Let's try this again, but, this time, let's reduce the dimensionality to 2 dimensions:

In [3]:
# Using PCA from sklearn PCA
pca = decomposition.PCA(n_components=2)
X_centered = X - X.mean(axis=0)
pca.fit(X_centered)
X_pca = pca.transform(X_centered)

# Plotting the results of PCA
plt.plot(X_pca[y == 0, 0], X_pca[y == 0, 1], 'bo', label='Setosa')
plt.plot(X_pca[y == 1, 0], X_pca[y == 1, 1], 'go', label='Versicolour')
plt.plot(X_pca[y == 2, 0], X_pca[y == 2, 1], 'ro', label='Virginica')
plt.legend(loc=0);
In [4]:
# Test-train split and apply PCA
X_train, X_test, y_train, y_test = train_test_split(X_pca, y, test_size=.3, 
                                                    stratify=y, 
                                                    random_state=42)

clf = DecisionTreeClassifier(max_depth=2, random_state=42)
clf.fit(X_train, y_train)
preds = clf.predict_proba(X_test)
print('Accuracy: {:.5f}'.format(accuracy_score(y_test, 
                                                preds.argmax(axis=1))))
Accuracy: 0.91111

The accuracy did not increase significantly in this case, but, with other datasets with a high number of dimensions, PCA can drastically improve the accuracy of decision trees and other ensemble methods.

Now let's check out the percent of variance that can be explained by each of the selected components.

In [5]:
for i, component in enumerate(pca.components_):
    print("{} component: {}% of initial variance".format(i + 1, 
          round(100 * pca.explained_variance_ratio_[i], 2)))
    print(" + ".join("%.3f x %s" % (value, name)
                     for value, name in zip(component,
                                            iris.feature_names)))
1 component: 92.46% of initial variance
0.362 x sepal length (cm) + -0.082 x sepal width (cm) + 0.857 x petal length (cm) + 0.359 x petal width (cm)
2 component: 5.3% of initial variance
0.657 x sepal length (cm) + 0.730 x sepal width (cm) + -0.176 x petal length (cm) + -0.075 x petal width (cm)

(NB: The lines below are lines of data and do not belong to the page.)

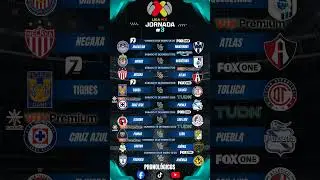 🚨JORNADA 3🚨 🔥LIGA MX CLUSURA 2026🔥 HORARIOS Y TRANSMISI&Oacute;N  👌⚽️ #futbol #ligamx #futbolmexicano #2026
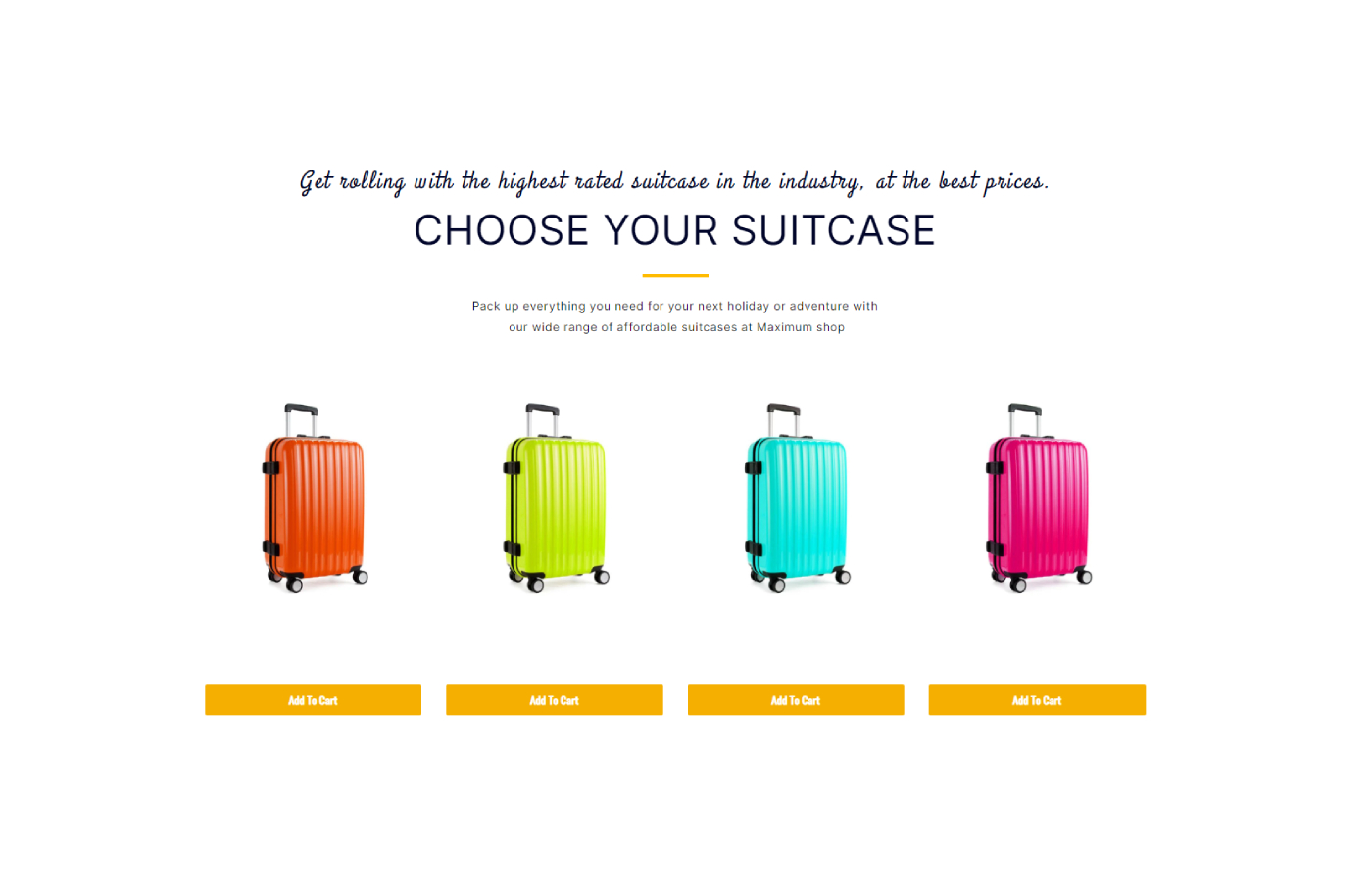 Suitcasify - Bag Shopify template built by Pagefly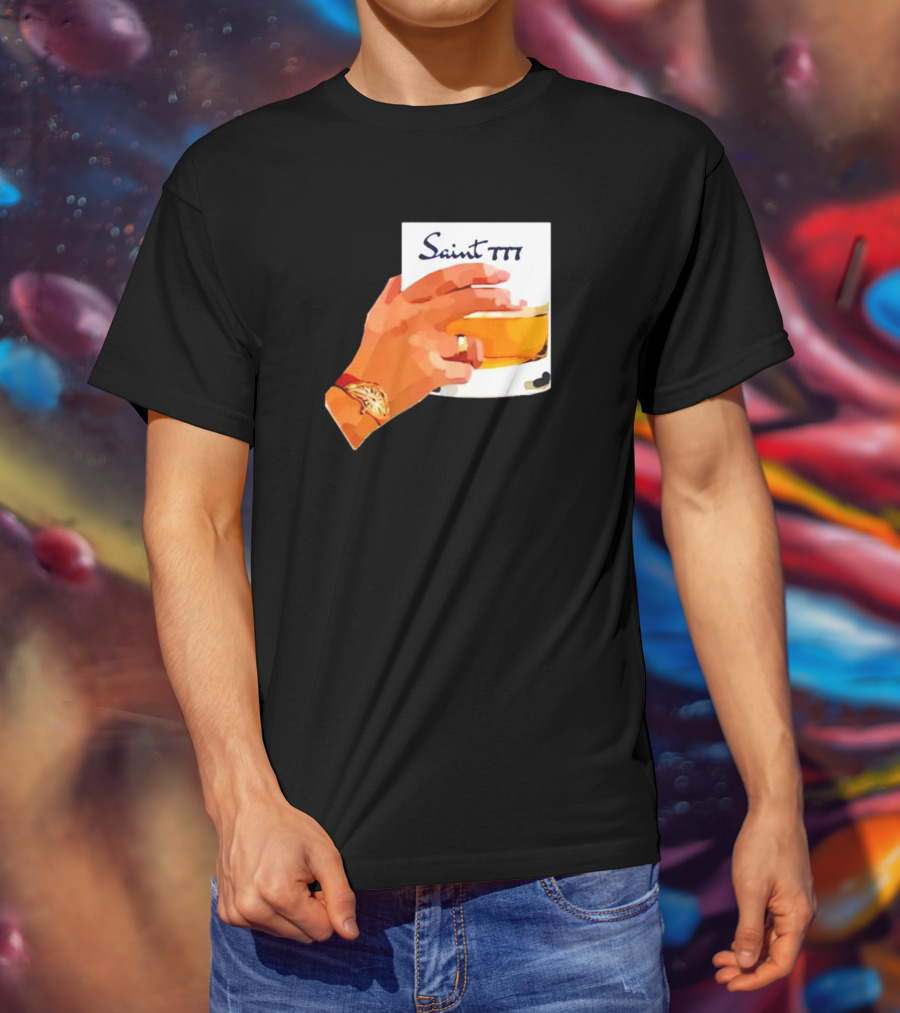 Saint 777 Whiskey Hand Watch T-Shirt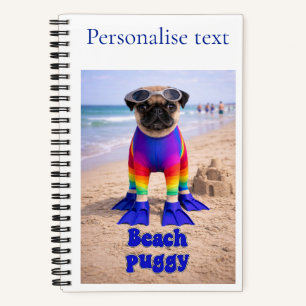 Strand-Puggy Notizbuch
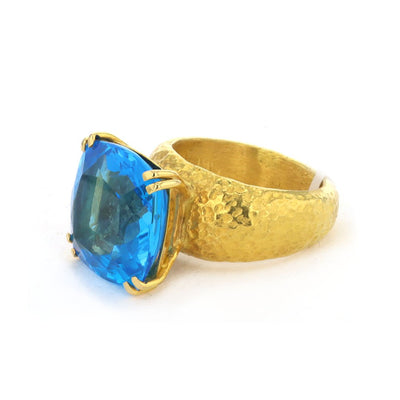Swiss Blue Topaz Ring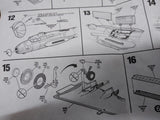 Vtg Revell 1/72 Scale B-17F Flying Fortress #4338 Plastic Model Kit Original Box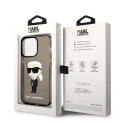 Kryt Karl Lagerfeld IKONIK Karl iPhone 14 Pro Max black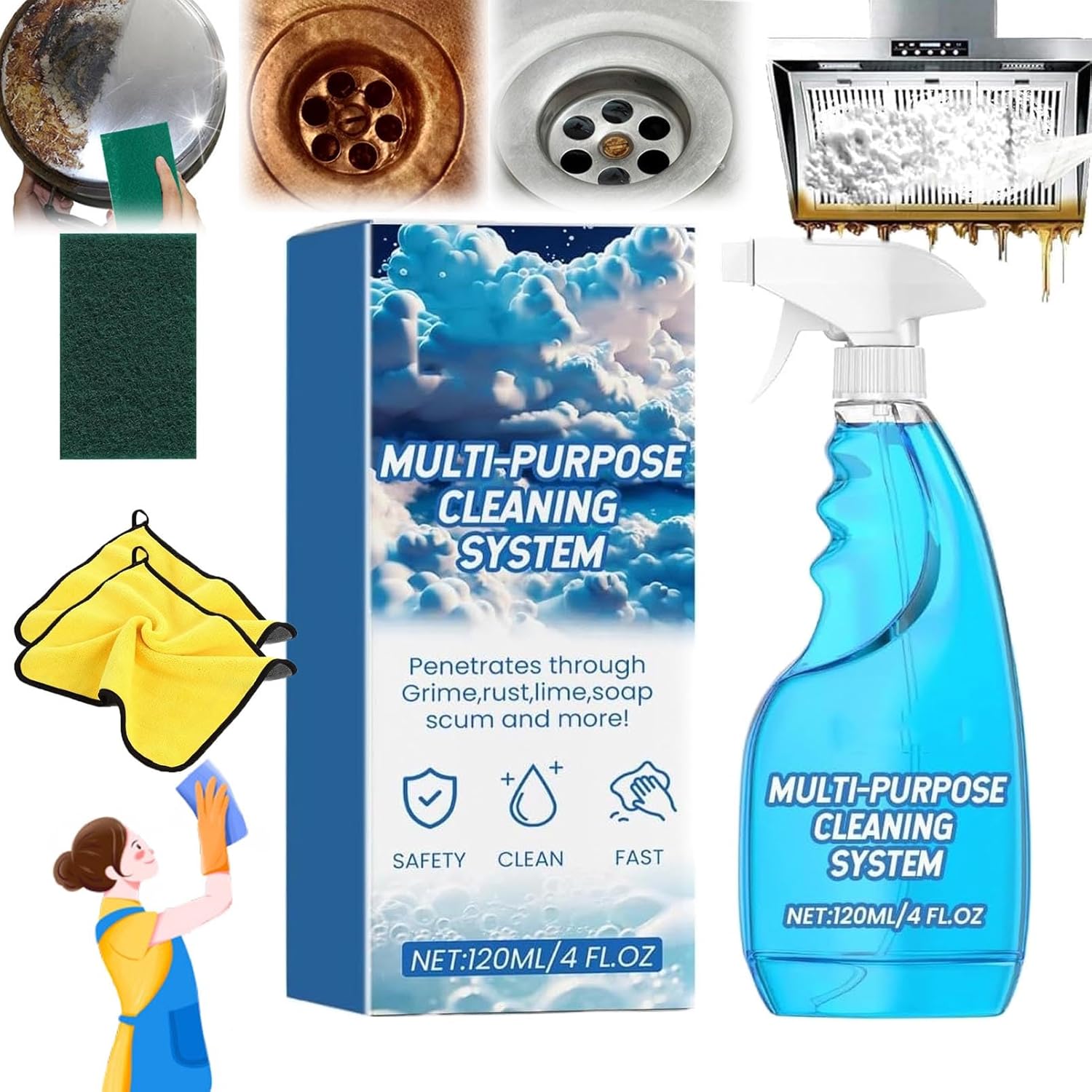 Splash Spray,Splash Spray All Purpose Cleaner,Splash Spray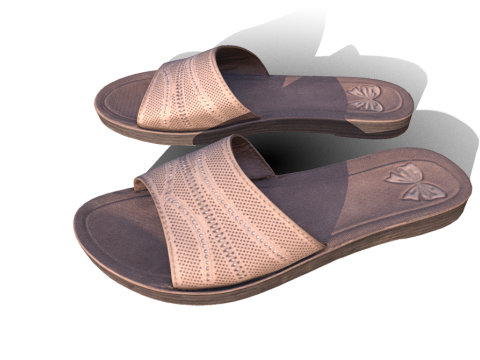 Slippers Model 3D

Handwritten numbers dataset

Let's look at the handwritten numbers dataset that we used before in the 3rd lesson.

In [6]:
digits = datasets.load_digits()
X = digits.data
y = digits.target

Let's start by visualizing our data. Fetch the first 10 numbers. The numbers are represented by 8 x 8 matrixes with the color intensity for each pixel. Every matrix is flattened into a vector of 64 numbers, so we get the feature version of the data.

In [7]:
# f, axes = plt.subplots(5, 2, sharey=True, figsize=(16,6))
plt.figure(figsize=(16, 6))
for i in range(10):
    plt.subplot(2, 5, i + 1)
    plt.imshow(X[i,:].reshape([8,8]), cmap='gray');

Our data has 64 dimensions, but we are going to reduce it to only 2 and see that, even with just 2 dimensions, we can clearly see that digits separate into clusters.

In [8]:
pca = decomposition.PCA(n_components=2)
X_reduced = pca.fit_transform(X)

print('Projecting %d-dimensional data to 2D' % X.shape[1])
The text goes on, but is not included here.